WHAT YOU HAVE TO DO — Without the pictures, copy the entries below word for word.

RECORDED INFORMATION —
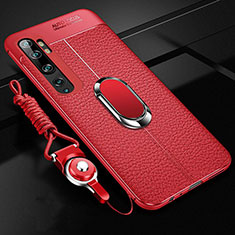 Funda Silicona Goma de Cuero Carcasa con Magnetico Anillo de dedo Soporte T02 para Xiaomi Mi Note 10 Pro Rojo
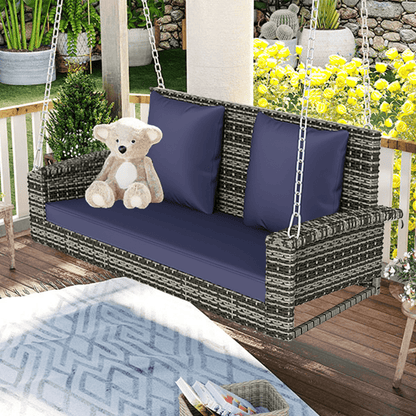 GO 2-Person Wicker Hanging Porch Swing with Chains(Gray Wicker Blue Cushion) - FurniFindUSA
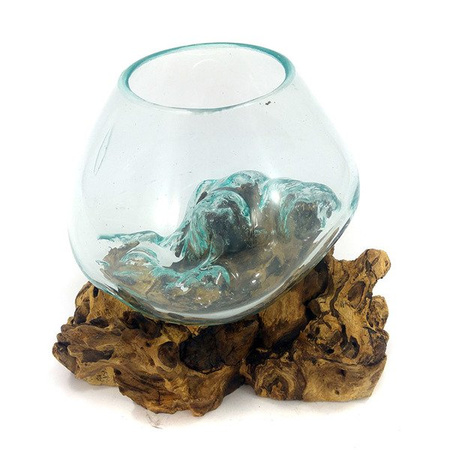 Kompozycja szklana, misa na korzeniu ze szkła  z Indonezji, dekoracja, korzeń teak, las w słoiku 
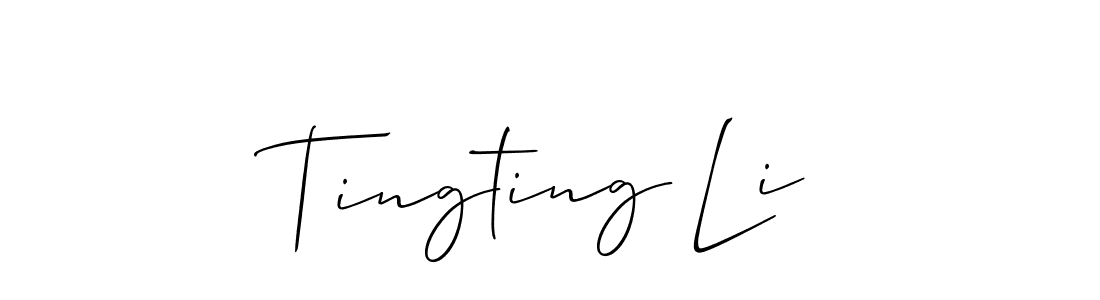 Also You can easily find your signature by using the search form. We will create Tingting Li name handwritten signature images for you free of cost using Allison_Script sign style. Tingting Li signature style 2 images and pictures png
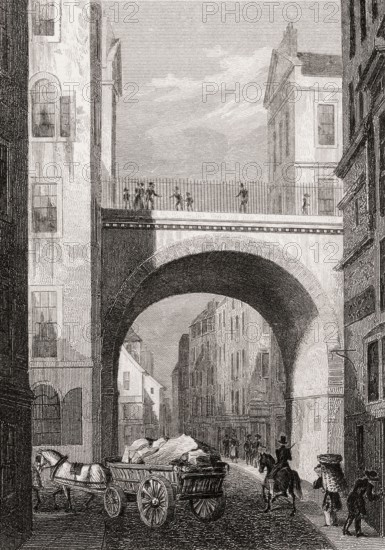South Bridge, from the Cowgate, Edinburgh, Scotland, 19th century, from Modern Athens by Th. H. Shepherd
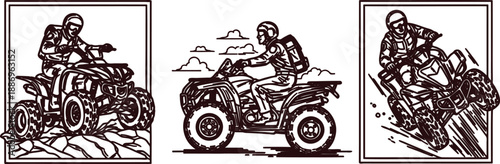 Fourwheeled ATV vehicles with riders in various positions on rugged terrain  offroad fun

ANSWER TO THE EXERCISE —
 Funda Silicona Goma de Cuero Carcasa con Magnetico Anillo de dedo Soporte T02 para Xiaomi Mi Note 10 Pro Rojo
 GO 2-Person Wicker Hanging Porch Swing with Chains(Gray Wicker Blue Cushion) - FurniFindUSA
 Kompozycja szklana, misa na korzeniu ze szkła  z Indonezji, dekoracja, korzeń teak, las w słoiku 
 Also You can easily find your signature by using the search form. We will create Tingting Li name handwritten signature images for you free of cost using Allison_Script sign style. Tingting Li signature style 2 images and pictures png
South Bridge, from the Cowgate, Edinburgh, Scotland, 19th century, from Modern Athens by Th. H. Shepherd
 Fourwheeled ATV vehicles with riders in various positions on rugged terrain  offroad fun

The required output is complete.